Заниматься отчетностью всегда было для него сущим наказанием (вообще-то, это входило в обязанности старшего лейтенанта Козловского – батальонного адъютанта, или, как он предпочитал себя называть, начальника штаба). А тут еще, как назло, у двух ротных писарей почерк оказался – поди разбери, что они тут накарябали в сводках расхода боеприпасов. Не иначе, к трофейному рому успели приложиться, обормоты. Впрочем, все равно цифры наполовину из пальца высосаны, кто там проверит... Нет, но Елена-то, а? Надо же! Хоть бы записку передала, что ли, не могли же ее откомандировать так срочно, что минутки не нашлось. Да и вряд ли дело в откомандировании – с чего бы вдруг, кому могла так срочно понадобиться обыкновенная машинистка, их при каждом штабе хватает... Нет, скорее, это по собственной инициативе, только вот – зачем? Почему?

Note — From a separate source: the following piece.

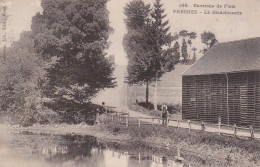 1906 ENVIRONS DE FLERS " FRESNES " - LA BLANCHISSERIE - PETITE ANIMATION - UN CAVALIER - - Autres & Non Classés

Она сама задавала себе этот вопрос: почему все так получилось, зачем это ей? – задавала и не находила ответа. Но ведь немедленного ответа в подобных случаях быть не может, жизнь если и отвечает, то лишь по прошествии долгого времени, когда вопрос, оставшись в далеком прошлом, выглядит оттуда вовсе уж наивным – до глупости.
Что толку спрашивать? Получилось, потому что так было надо.
Впрочем, недоумение пришло потом; вначале, когда окончательно подтвердилась так испугавшая ее (и именно поэтому показавшаяся такой невозможной, немыслимой) догадка, было просто отчаяние: Господи, неужто еще мало, неужто нет пределов этой слепой, не выбирающей целей жестокости, бьющей наугад по правым и виноватым... Да нет, не о ней речь – как раз она-то заслужила все и сполна, не ей жаловаться; но ведь в том и ужас, что речь теперь уже не о ней самой, сама она безропотно примет любой вариант судьбы, и чем хуже, наверное, тем лучше, – но только чтобы одной, одной, не разделяя больше ничьей боли, ничьих страданий, хватит с нее собственных...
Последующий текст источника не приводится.